What would be your most important tips in order to improve the situation of digital transformation and make a rapid progress?
Well, I think as many people have said, data matters. Also, being able to understand where you stand as a leadership team and as a management board would be a first step. It is also a step of recognizing both your strength and your weaknesses. So, this requires management boards that have the courage to actually understand where they stand and benchmark themselves accordingly. Then I think the next thing is to understand that you can’t change everything. You would both as an individual and as a leadership team focus on the two or three critical capabilities for your organization in its changed process. From this point it is a question of joint and individual learning on the job. Frankly, it is about forcing yourself to, in your spare time, learn things that you may not feel comfortable about at this stage. Learning and teaching is not something that gets handed and delivered to you on a plate; you have to take initiative yourself. I think that is also true for a leadership team combined: they have to take initiative as a leadership team to change.
The CIO now is confronted with an extremely diverse digitization agenda. What would be your recommendations for the right priorities a CIO has to set?
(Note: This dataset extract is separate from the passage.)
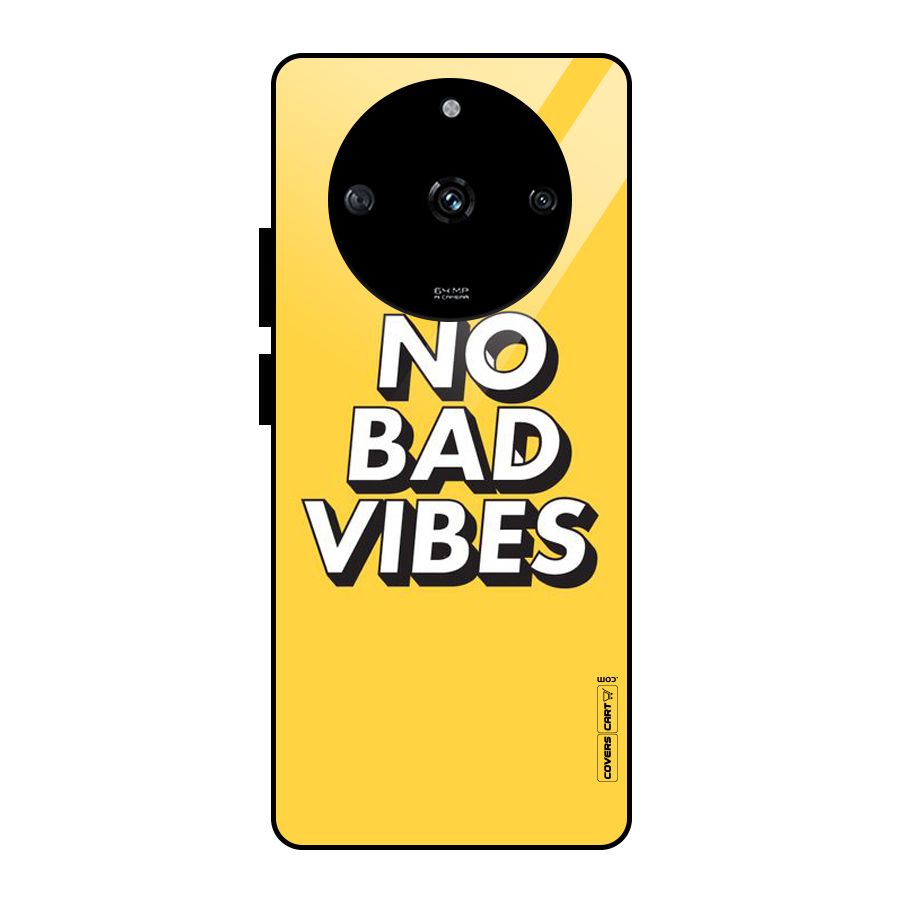 No Bad Vibes Glass Back Case for Realme Narzo 60 5G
I think part of this is to very clearly link digitalization to the business’s strategy or the strategy articulated for the organization whether public or private business. After having linked things to the strategy, the next stage will be to very clearly get a governance to execute. As we all know, the biggest challenge for many organizations is to actually execute a strategy where digital is part And I fear that many CIOs don’t think through the execution part of the digital strategy sufficiently and have not worked through the governance aspects of it. There is a lack in ensure that everybody that needs to be involved in the organization is actually involved close enough in a way that allows for execution to happen. Ultimately, the execution has to be measured up against the required KPIs or a measurement criteria for the organization.